On the SWAN sequences there is also signal dropout that appears to be related to calcifications. The lesion results in partial obstructive hydrocephalus on the left with dilatation of the left lateral ventricle.
Figure 1.
(A-C) Axial T2* 3D SWAN, 1.0 x 1.2 x 3.8 mm; (B) filtered phase showing signal dropout and appearance of calcifications in the tumor; and (C) image depicts extension of tumor with midline shift of central structures.
Figure 2.
(A) Axial DWI b1000, 1.9 x 1.9 x 5 mm and (B) positive ADC map showing multiple flow voids and diffusion restriction.
Figure 3.
(A-C) Axial T1 BRAVO with contrast, 1.1 x 1.25 x 1.4 mm; (B, C) demonstrate heterogenous enhancement.
There is also a small amount of periventricular deep white matter edema in the left centrum semiovale where the tumor mass extends up to the ventricular wall without clear distinction between the tumor and the ventricular wall. There is also no clear interface between the portion of the tumor and the body of the corpus callosum, which is thin over the mid to posterior aspect.
The tumor measures 4.1 x 5.2 x 5.5 cm and demonstrates heterogenous enhancement on the post-contrast imaging with BRAVO. At the level of the septum pellucidum there is significant extension of the tumor across the midline with associated midline shift of the central structures to the right by approximately 4.8 mm. Although there is inferior mass effect, there is no sign of any herniation through the tentorium. Due to the central mass effect, there is compression over the proximal aspect of the aqueduct.
The large tumor present in the left lateral ventricle as described is resulting in obstruction and mild dilatation of the ventricles, especially the left lateral ventricle due to compression at the foramen of Monro, as well as compression of the third ventricle and the proximal aspect of the aqueduct. A main consideration is a central neurocytoma with features not typical of choroid plexus papilloma, intraventricular meningioma or ependymoma.
There were no abnormalities in the orbital contents.
Discussion
Central neurocytoma is a rare intraventricular tumor of neuronal differentiation with fairly characteristic imaging features, appearing as heterogenous mass of variable size and demonstrating enhancement within the lateral ventricle, typically attached to the septum pellucidum. It is typically seen in young patients and generally has a good prognosis provided a complete resection is achieved.

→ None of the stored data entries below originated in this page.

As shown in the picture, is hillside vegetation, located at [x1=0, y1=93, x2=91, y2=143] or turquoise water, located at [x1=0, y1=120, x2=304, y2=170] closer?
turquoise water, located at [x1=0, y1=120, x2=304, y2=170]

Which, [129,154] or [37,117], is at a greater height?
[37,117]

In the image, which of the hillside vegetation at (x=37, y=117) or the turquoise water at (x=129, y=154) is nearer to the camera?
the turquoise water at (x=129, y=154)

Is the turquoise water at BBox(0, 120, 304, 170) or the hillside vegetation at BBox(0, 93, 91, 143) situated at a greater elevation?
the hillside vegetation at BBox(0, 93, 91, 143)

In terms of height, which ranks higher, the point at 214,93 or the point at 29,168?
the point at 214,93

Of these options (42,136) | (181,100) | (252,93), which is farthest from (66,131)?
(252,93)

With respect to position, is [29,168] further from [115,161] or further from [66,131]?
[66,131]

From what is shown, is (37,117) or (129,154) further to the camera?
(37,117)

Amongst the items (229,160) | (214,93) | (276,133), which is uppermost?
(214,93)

The primary therapeutic option for neurocytoma tumors is the complete surgical resection that markedly diminishes the chance of recurrence; it also relieves intracranial pressure developed by the tumor and restores cerebrospinal fluid channels.
Although the role of radiotherapy to the tumor bed after surgical resection has been debated, it has nevertheless been implemented in many cases with the aim of preventing tumor progression and recurrence, particularly in patients with incomplete resection.

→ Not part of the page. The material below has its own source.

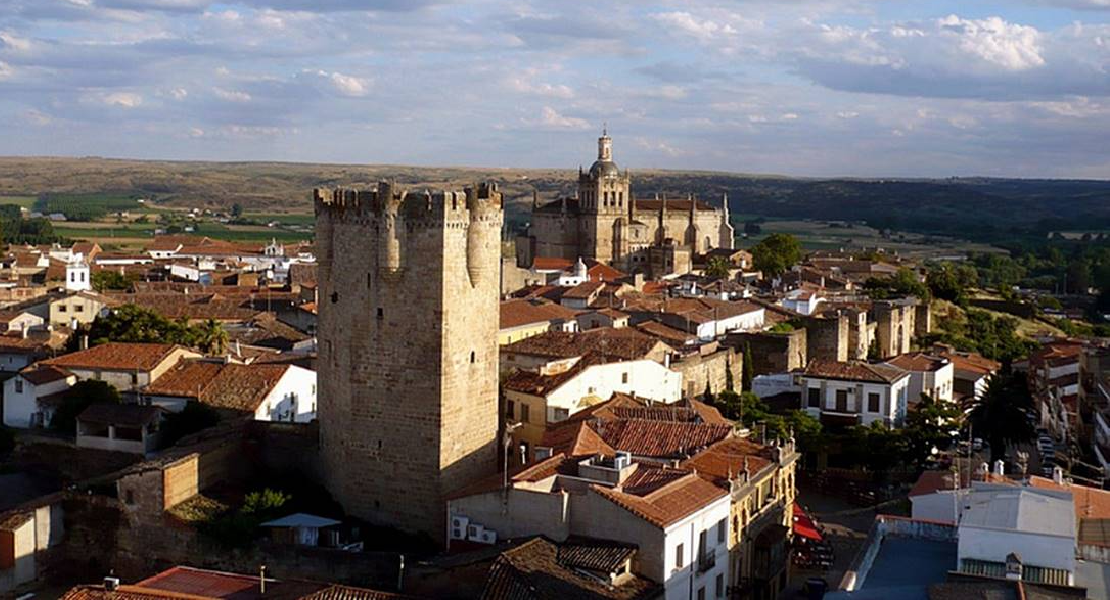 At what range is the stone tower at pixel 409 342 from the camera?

Stereotactic radiosurgery has emerged as a potential treatment tool in the management of neurocytomas, due to rapid dose fall off and shorter treatment time, as compared to conventional radiotherapy. However, further studies with long-term follow up are required as recurrences typically occur later in life. Chemotherapy appears to have a limited role in the management of neurocytomas.
MR is helpful to refine the differential diagnosis of these patients and contributes to preoperative diagnosis and planning.
References
- Schirmer CM, Hedges TR 3rd. Mechanisms of visual loss in papilledema. Neurosurg Focus. 2007;23(5):E5. doi: 10.3171/FOC-07/11/E5. PMID: 18004967.
- Hassoun J, Söylemezoglu F, Gambarelli D, et al. Central neurocytoma: a synopsis of clinical and histological features. Brain Pathol. 1993 Jul;3(3):297-306. doi: 10.1111/j.1750-3639.1993.tb00756.x. PMID: 8293189.